C’est une vision biblique qui le saisit ce Musset.
Dans son amour pour Mme. Pierson, il cherche précisément un idéal inspiré du divin. Sa passion peut seulement se manifester dans la représentation d’une madone qui ne saurait trahir son innocence.
Sa désillusion face à un tel amour se traduit par une éloge pleine d’amertume de la débauche. C’est de là que provient le mal inéluctable qui habitera son cœur et qui, selon lui, le rongera éternellement comme un supplice universel et nécessaire.
L’expression de ce mal, la volonté de le saisir et de le définir comme une qualité infernale de sa propre condition, va de paire avec l'œuvre littéraire ;
Le glissement du verbe et des vieux démons se sublime joyeusement dans le genre tragique. Lecteurs, nous sommes envoûtés par ce discours confortable du désespoir dans lequel nous trouvons refuge. Une fois intériorisé, nous sommes charmés par l'illusion de notre propre langue cynique et autocentrée.
Pourtant, l’illusion en elle-même est métaphysique, elle est médiation, dans le sens où elle permet au sujet de s'entretenir dans un rapport signifiant avec le monde. C’est bien la seule qui existe.
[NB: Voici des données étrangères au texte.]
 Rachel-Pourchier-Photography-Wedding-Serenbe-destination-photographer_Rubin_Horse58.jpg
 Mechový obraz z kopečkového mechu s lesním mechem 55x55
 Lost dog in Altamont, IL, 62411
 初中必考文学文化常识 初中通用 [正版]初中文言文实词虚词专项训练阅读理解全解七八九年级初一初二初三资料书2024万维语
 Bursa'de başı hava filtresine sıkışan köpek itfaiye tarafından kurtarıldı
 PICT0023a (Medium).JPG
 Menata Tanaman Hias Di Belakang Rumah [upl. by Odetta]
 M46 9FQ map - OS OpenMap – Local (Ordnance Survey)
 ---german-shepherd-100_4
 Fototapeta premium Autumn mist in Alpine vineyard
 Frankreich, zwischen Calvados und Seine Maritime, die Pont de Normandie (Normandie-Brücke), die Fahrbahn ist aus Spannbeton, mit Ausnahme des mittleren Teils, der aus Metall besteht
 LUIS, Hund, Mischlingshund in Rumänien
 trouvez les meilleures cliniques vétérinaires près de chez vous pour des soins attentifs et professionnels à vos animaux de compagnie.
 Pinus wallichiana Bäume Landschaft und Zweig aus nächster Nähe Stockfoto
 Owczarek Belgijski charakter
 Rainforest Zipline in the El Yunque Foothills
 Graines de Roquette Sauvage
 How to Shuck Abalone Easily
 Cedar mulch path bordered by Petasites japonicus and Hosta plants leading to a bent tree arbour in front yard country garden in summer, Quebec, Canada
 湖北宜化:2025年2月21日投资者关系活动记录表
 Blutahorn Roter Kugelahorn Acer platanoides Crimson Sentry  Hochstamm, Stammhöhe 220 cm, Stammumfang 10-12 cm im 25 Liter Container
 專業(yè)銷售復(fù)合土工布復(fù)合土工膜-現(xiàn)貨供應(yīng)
Autant qu’ idéologie existentialiste, l’inévitabilité d’un mal bien cerné, comme la condamnation à la débauche et l’impossibilité d’aimer, elle s’attache à des chimères dont l’agréable poison nous enivre de son sentiment désolant.
Mais ces chimères sont précisément des catégories dogmatiques héritées de la théologie chrétienne; la passion de la souffrance, l’idée du Dieu Bien. C’est à travers celle-ci que le sujet abattue existe. Il se sent obligé de confesser, ce discours étant devenu la voie royale de l’existence. L’aveu est le seule moyen qui permettrait à la conscience d'apparaître.
La tragédie devient pour lui une sorte d’acerbe vas et viens entre le mal engendré et l’idée du bien
Il vit dans un monde d'idées et de fantômes qui correspondent parfaitement à la fin de son époque, encore sous l’emprise des charmes de l’Idée.
“La perte accueille la perte”. Et c’est bien dans le principe de la littérature qu’elle se sublime.
Pour moi ce sentiment de perte, une fois implanté dans un rapport à soi même, doit être mis au service d’un amour fou. Mais ne peut s’établir comme philosophie de sa propre condition en soi et pour soi.
C’est bien peut-être pour cela que Nietzsche avoua 50 ans plus tard, dans un nihilisme beaucoup plus mature, qu’une fois son cœur fortement enchainé on peut toujours donner beaucoup de liberté à son esprit.